WHAT NEEDS TO BE DONE: Excluding pictures, retype the line with "Caderno Espiral Camelos" and each line that follows it to the end of the data below, word for word.

DATA SECTION:

________________

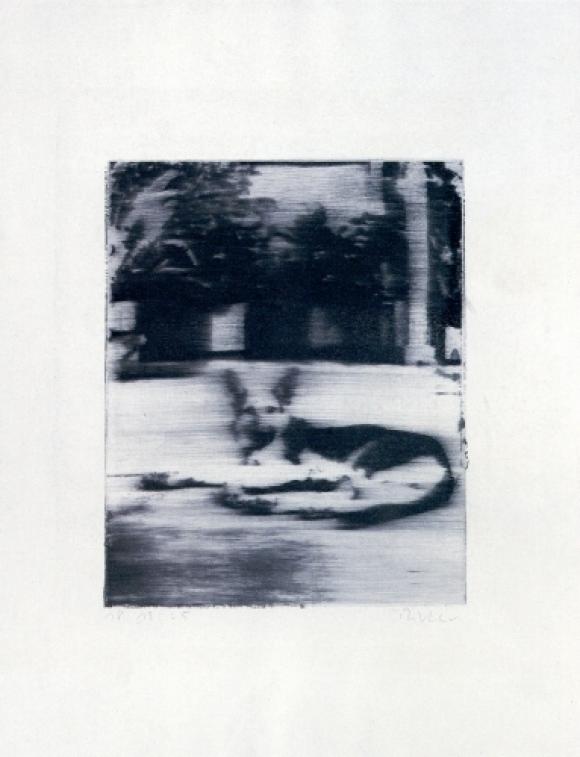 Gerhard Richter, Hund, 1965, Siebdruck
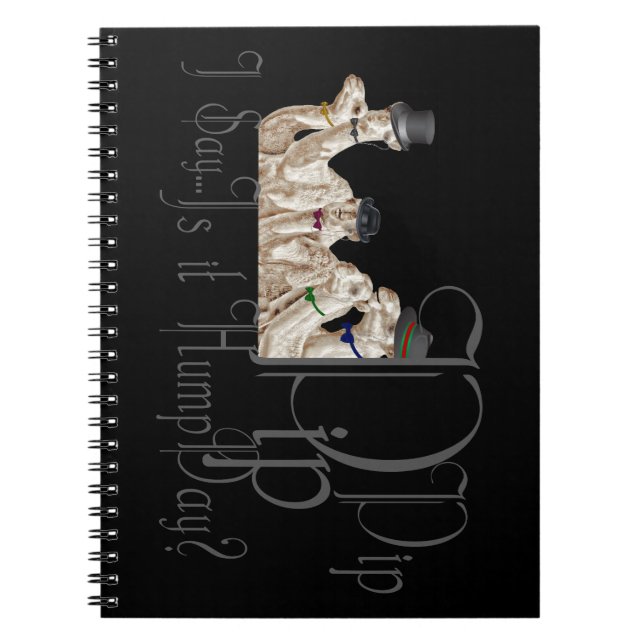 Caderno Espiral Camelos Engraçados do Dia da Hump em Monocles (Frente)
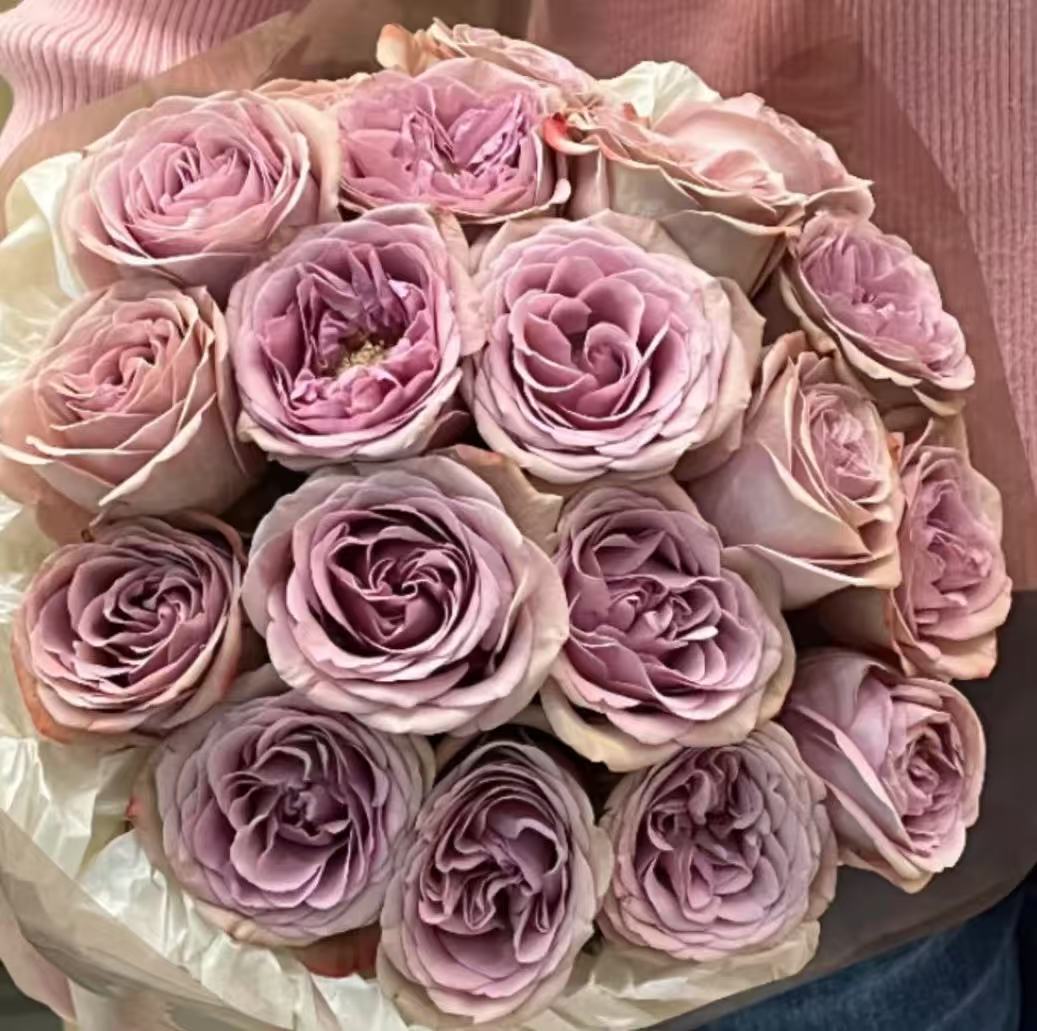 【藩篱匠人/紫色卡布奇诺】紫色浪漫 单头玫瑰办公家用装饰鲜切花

________________

SOLUTION FOR THIS EXERCISE:
 Caderno Espiral Camelos Engraçados do Dia da Hump em Monocles (Frente)
 【藩篱匠人/紫色卡布奇诺】紫色浪漫 单头玫瑰办公家用装饰鲜切花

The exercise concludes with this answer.